A consistent pre-shot routine does two things: it standardises your physical preparation, and it gives your conscious mind something specific to focus on so that your trained subconscious can perform the delivery without interference. Without a routine, your conscious mind fills the gap with anxiety, over-thinking and doubt.
Your routine should be 4–6 steps, performed identically every single delivery regardless of the situation. Example: step onto mat → check bias orientation → look to aiming point → one controlled breath → look down at bowl → deliver. The specific steps matter less than the consistency with which you perform them.
This is uncomfortable advice but it is the most reliably effective method of improvement available. Playing exclusively against players at your own level or below creates no upward pressure on your game.
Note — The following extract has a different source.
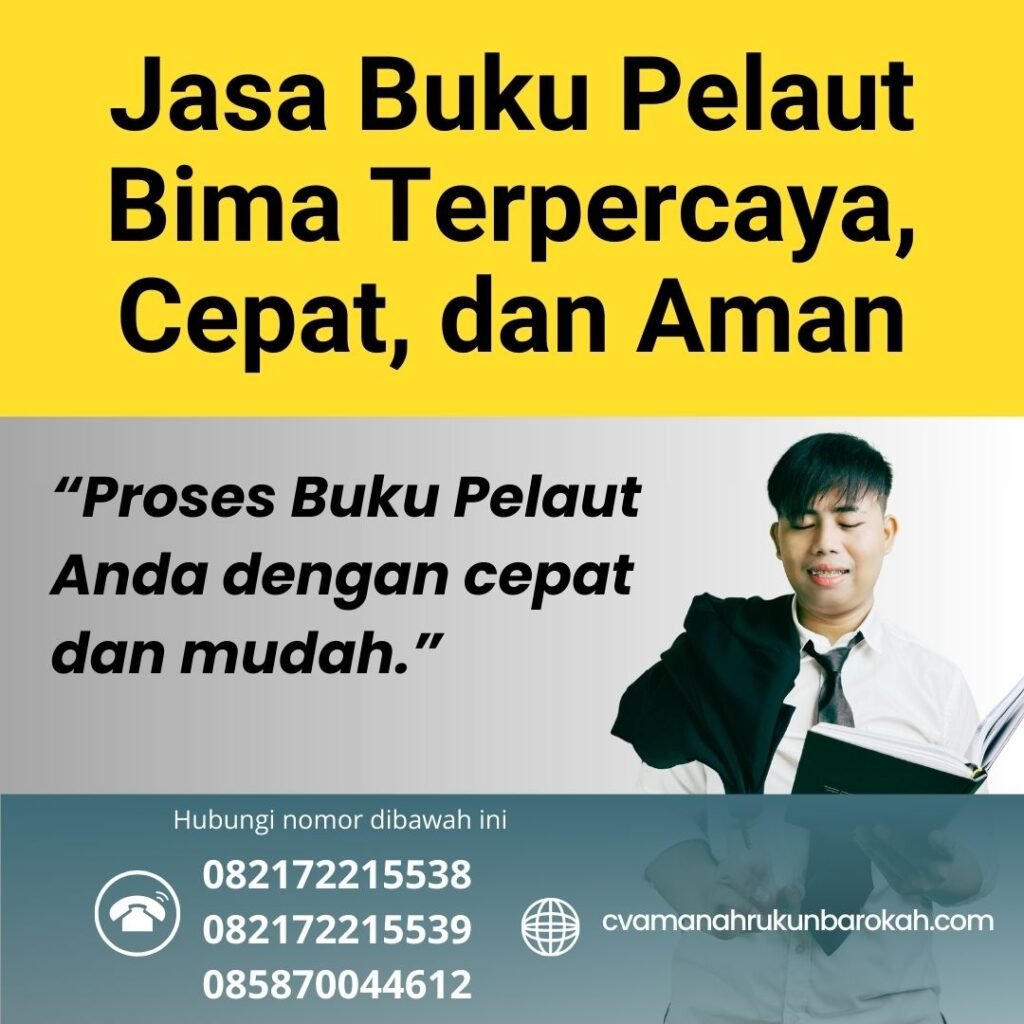 Jasa Buku Pelaut Bima Terpercaya, Cepat, dan Aman Jasa Buku Pelaut Bima Terpercaya, Cepat, dan Aman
Playing regularly against better players forces you to be more precise, reveals weaknesses in your game that easier opponents forgive, and exposes you to higher-level tactical thinking.
Ask your club secretary about county trials, inter-club competitions or any higher-level competition you might be eligible for. Many county associations run development leagues specifically for improving club players. Even one competitive game per month against stronger opposition will accelerate your improvement significantly.
Almost every club player has a significantly stronger hand — the one they default to naturally. This creates a major tactical disadvantage: experienced opponents quickly identify your weak hand and position their bowls to force you onto it.
Dedicate at least one quarter of every practice session exclusively to your weaker hand. It will feel uncomfortable and ineffective initially. Within 6–8 weeks of consistent practice, the gap between your two hands will begin to close. A player with two reliable hands has a significant advantage over the majority of club players who have one strong hand and one weak one.
After every session or match, spend 5 minutes writing brief notes: what worked, what did not, which ends were turning points and why, what you need to practice next session. This sounds overly formal for a social sport, but the discipline of reflection accelerates learning dramatically.
Over a season, your journal becomes an invaluable record of your development — identifying patterns you would never notice session to session. You will see exactly when your drawing improved, what conditions cause problems, and which tactical situations you repeatedly misread.
Bowls England and the national associations for Scotland, Wales and Northern Ireland all run coaching programmes. Your county bowls association almost certainly has qualified Level 1 and Level 2 coaches available, often for free or at minimal cost to members.
Even a single two-hour coaching session with a qualified coach will identify faults and improvements that self-directed practice might take years to find. Ask your club secretary about coaching availability. Most clubs are delighted when members show initiative in wanting to improve.